Material provided section start
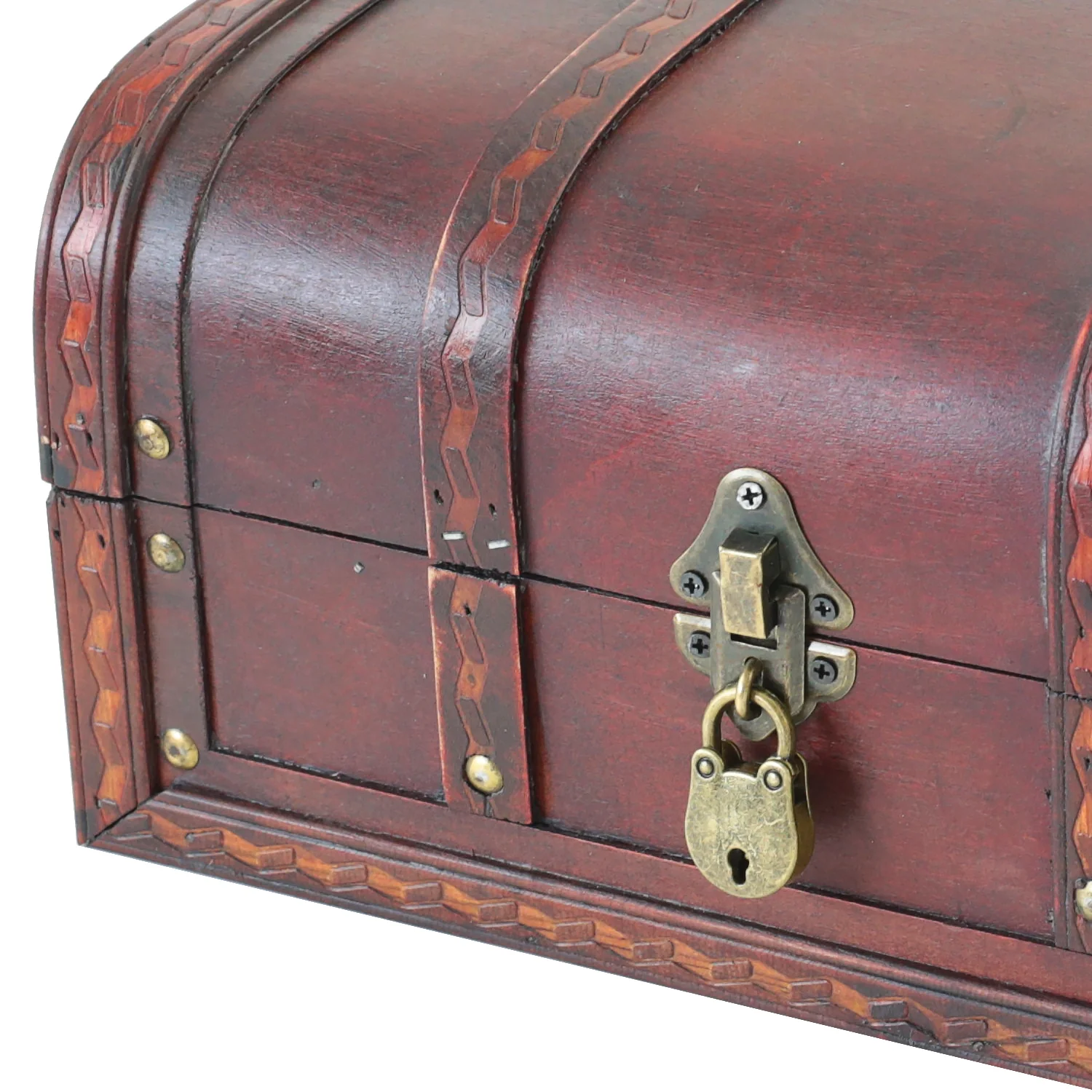 Schatztruhe mit Schloss, Spanien, HMF 6401-130, 30 x 20 x 15 cm - Image 5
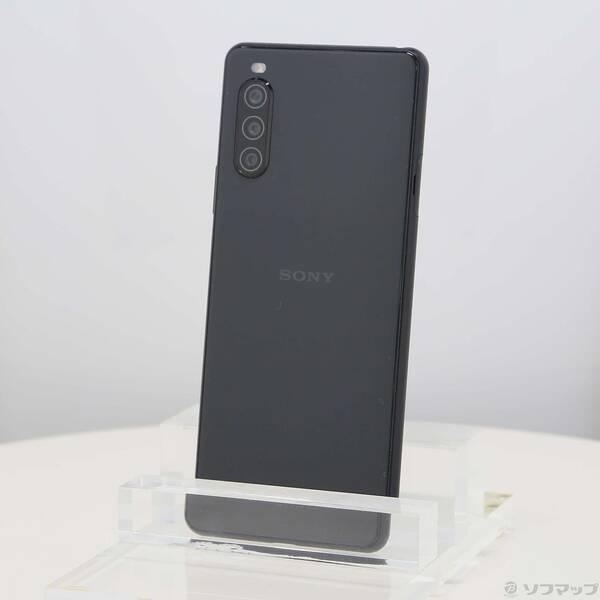 〔中古〕SONY(ソニー) Xperia 10 II 64GB ブラック SOV43 auロック解除SIMフリー〔276-ud〕 | 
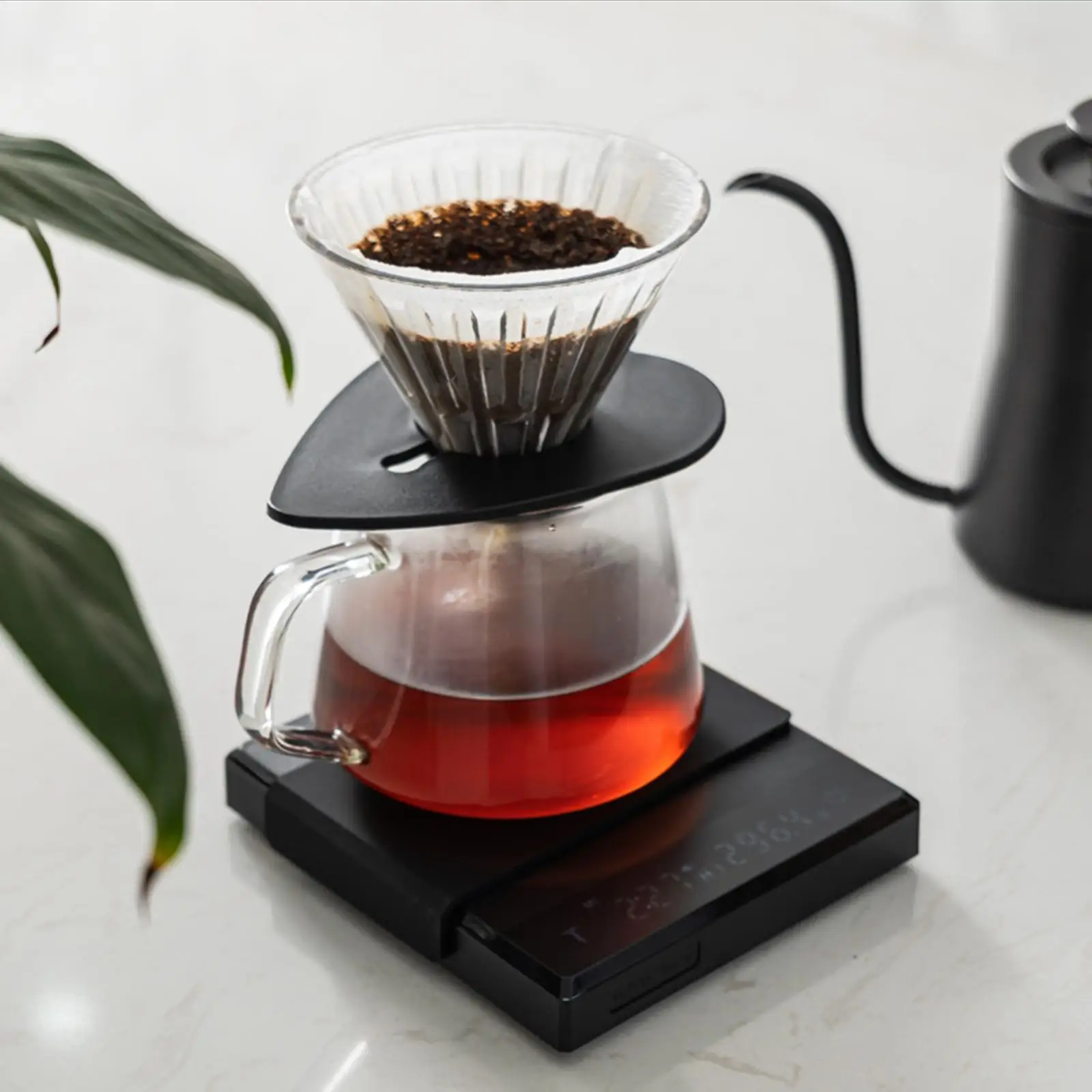 

Coffee Scale with Timer High Precision Multifunction Small Food Scale Electronic Weighing Scale for Coffee Barista Baking Home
Material provided section end
Task to carry out: Only the lines from the beginning of the listing through the line with "SOV43 auロック解除SIMフリー〔276-ud〕 |", both ends included, are to be repeated exactly; pictures stay out.

Response area:
 Schatztruhe mit Schloss, Spanien, HMF 6401-130, 30 x 20 x 15 cm - Image 5
 〔中古〕SONY(ソニー) Xperia 10 II 64GB ブラック SOV43 auロック解除SIMフリー〔276-ud〕 | 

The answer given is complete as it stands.